[Extracted data]:

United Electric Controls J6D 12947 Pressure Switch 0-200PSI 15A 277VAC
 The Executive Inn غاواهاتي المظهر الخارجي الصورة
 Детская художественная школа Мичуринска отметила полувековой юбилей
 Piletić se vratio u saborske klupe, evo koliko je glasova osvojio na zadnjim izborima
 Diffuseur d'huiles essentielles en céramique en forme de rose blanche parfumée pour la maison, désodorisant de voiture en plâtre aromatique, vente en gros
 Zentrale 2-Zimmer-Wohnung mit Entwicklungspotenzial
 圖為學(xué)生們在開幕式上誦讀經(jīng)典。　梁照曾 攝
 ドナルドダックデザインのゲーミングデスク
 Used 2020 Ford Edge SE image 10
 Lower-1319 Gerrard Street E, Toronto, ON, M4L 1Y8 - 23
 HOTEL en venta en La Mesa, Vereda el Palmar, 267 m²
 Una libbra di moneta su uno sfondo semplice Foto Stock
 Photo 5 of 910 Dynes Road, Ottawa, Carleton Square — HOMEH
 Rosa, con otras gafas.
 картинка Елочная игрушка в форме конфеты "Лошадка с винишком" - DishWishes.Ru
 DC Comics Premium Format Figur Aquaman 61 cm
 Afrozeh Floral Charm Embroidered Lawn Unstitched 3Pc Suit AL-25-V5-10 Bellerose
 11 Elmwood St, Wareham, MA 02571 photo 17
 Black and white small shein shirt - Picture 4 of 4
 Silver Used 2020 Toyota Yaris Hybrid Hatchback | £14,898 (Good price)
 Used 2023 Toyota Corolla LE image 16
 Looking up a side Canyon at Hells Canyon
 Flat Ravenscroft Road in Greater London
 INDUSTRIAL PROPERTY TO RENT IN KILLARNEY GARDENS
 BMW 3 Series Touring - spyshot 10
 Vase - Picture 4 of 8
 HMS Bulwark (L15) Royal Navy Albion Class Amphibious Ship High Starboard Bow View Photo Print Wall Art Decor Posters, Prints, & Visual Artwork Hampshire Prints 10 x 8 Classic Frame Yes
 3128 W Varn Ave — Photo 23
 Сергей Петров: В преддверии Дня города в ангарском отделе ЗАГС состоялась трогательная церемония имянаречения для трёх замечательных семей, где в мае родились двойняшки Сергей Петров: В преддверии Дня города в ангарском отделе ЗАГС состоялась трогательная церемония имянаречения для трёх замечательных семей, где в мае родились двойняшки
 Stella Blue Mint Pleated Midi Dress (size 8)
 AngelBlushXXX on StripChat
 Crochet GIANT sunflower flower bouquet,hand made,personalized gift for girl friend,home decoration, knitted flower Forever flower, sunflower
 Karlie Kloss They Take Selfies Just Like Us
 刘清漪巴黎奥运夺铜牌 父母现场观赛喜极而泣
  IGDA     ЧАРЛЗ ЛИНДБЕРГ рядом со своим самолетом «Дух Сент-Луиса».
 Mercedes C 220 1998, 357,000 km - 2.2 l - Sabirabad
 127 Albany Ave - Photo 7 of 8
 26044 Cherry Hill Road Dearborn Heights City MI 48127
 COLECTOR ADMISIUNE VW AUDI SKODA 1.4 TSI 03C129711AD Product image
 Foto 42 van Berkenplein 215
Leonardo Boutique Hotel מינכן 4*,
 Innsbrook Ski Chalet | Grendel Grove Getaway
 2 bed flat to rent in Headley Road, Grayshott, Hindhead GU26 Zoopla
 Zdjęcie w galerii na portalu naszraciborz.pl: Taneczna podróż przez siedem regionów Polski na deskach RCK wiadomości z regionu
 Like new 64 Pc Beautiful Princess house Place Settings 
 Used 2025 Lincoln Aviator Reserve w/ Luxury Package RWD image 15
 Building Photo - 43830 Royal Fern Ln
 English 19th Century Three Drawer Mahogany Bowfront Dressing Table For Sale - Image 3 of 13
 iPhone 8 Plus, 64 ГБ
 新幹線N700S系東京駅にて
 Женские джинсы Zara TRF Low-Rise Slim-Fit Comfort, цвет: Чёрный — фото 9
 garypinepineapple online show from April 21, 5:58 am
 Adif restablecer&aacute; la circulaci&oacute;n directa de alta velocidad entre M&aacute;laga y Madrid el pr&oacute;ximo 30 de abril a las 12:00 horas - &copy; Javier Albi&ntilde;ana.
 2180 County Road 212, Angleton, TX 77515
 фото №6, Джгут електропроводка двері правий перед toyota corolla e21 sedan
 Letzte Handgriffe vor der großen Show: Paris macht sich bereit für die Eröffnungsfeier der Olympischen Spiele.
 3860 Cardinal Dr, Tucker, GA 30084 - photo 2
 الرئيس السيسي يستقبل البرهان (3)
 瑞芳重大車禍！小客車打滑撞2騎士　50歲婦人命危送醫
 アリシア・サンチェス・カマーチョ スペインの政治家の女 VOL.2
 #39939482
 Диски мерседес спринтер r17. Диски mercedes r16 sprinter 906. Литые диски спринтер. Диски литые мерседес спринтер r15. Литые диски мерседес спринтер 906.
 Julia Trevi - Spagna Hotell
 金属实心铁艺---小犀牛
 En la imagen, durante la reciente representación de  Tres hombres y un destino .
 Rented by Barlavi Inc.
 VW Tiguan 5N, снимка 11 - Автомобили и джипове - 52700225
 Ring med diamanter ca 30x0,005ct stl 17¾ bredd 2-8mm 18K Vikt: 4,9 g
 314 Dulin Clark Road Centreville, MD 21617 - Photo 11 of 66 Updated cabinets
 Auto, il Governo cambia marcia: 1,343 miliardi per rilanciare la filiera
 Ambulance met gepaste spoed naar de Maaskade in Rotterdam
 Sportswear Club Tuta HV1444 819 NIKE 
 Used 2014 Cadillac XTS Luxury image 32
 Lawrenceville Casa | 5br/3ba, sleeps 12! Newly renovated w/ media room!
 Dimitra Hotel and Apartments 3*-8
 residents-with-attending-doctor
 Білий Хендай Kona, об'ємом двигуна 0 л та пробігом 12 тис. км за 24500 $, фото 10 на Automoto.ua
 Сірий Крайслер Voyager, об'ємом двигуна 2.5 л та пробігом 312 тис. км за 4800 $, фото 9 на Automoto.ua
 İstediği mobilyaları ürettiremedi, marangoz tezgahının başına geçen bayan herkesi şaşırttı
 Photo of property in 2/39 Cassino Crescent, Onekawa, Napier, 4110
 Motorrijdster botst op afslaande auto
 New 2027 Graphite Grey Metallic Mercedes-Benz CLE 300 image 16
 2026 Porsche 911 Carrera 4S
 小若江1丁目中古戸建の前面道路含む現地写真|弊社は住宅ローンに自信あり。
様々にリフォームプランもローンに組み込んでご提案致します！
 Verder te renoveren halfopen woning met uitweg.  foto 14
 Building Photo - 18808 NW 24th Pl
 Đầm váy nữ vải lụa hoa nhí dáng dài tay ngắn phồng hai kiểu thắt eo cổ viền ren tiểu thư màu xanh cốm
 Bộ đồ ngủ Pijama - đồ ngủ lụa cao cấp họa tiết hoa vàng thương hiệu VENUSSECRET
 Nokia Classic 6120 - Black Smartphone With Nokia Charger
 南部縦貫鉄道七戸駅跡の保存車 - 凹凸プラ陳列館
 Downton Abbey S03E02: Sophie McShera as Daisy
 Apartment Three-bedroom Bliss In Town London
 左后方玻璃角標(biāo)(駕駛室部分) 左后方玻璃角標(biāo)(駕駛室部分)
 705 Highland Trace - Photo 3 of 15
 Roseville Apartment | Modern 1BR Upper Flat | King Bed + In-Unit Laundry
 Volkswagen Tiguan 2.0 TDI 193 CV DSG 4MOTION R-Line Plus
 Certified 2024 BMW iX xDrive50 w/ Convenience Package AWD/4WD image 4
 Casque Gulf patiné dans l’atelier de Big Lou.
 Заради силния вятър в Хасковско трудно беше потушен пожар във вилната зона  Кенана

[What the exercise asks]: Starting at the top of the listing above, repeat every line exactly until the line that contains "Afrozeh Floral Charm" has been repeated too.

[Solution to this task]:
United Electric Controls J6D 12947 Pressure Switch 0-200PSI 15A 277VAC
 The Executive Inn غاواهاتي المظهر الخارجي الصورة
 Детская художественная школа Мичуринска отметила полувековой юбилей
 Piletić se vratio u saborske klupe, evo koliko je glasova osvojio na zadnjim izborima
 Diffuseur d'huiles essentielles en céramique en forme de rose blanche parfumée pour la maison, désodorisant de voiture en plâtre aromatique, vente en gros
 Zentrale 2-Zimmer-Wohnung mit Entwicklungspotenzial
 圖為學(xué)生們在開幕式上誦讀經(jīng)典。　梁照曾 攝
 ドナルドダックデザインのゲーミングデスク
 Used 2020 Ford Edge SE image 10
 Lower-1319 Gerrard Street E, Toronto, ON, M4L 1Y8 - 23
 HOTEL en venta en La Mesa, Vereda el Palmar, 267 m²
 Una libbra di moneta su uno sfondo semplice Foto Stock
 Photo 5 of 910 Dynes Road, Ottawa, Carleton Square — HOMEH
 Rosa, con otras gafas.
 картинка Елочная игрушка в форме конфеты "Лошадка с винишком" - DishWishes.Ru
 DC Comics Premium Format Figur Aquaman 61 cm
 Afrozeh Floral Charm Embroidered Lawn Unstitched 3Pc Suit AL-25-V5-10 Bellerose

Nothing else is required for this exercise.